Shakespeare in Macbeth has drawn Banquo as someone who is noble and is a man who obeyed orders and possessed unwavering loyalty towards those he acknowledges. Although he is ambitious in nature but like Macbeth he does not bring those corrupt thoughts to light. Banquo, like Macbeth is a brave general even the hero himself admits Banquo’s bravery and courage on the battlefield “… tis much he dares, And to that dauntless temper of his mind He hath wisdom that doth guide his valour To act in safety”.

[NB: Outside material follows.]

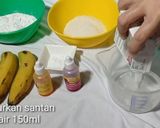 Foto langkah ke 1 dari resep Kue Nagasari Bunga.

At the very beginning of the play we find Macbeth and Banquo returning from a battle and are received by very ambitious prophecies from the three weird sisters. Unlike Macbeth Banquo takes his predictions half- heartedly and even cautions Macbeth from blindly trusting the three witches. Banquo being the wise individual reacts differently to the prophecies, Macbeth considers murdering the noble king of Scotland, Duncan while the latter calmly ignores such urges.
Banquo in the play represents virtue and honour. King Duncan gives greater appreciation to Macbeth’s performance in the battle than Banquo yet he is not at all envious. He praises Macbeth which evokes admiration in King Duncan ” True worthy Banquo: he is full so valiant, And in his commendation I am fed, It is a banquet to me.” On his arrival at Macbeth’s castle Banquo praises the wholesome atmosphere of the castle, which shows him to be a thorough gentleman without any suspicion of evil. Banquo is unsuspecting in nature. Even when the murderers had surrounded him, he doesn’t suspect the danger hovering on him.
Banquo has been accused of being careless and not prudent enough to take timely action. This character trait in him led him to his untimely death. Banquo suspects Macbeth, but he is not prudent enough to take steps to protect himself. Banquo inspite of being a trusted general, ignored Macbeth’s heinous crime against his king, Duncan.
Banquo has an obvious dramatic purpose to fulfil in his relation to the character of Macbeth and the main theme of the play. But he is carefully kept in a subordinate position. His dramatic purpose is to form a foil, and at the same time, a parallel illustration to Macbeth’s temptation.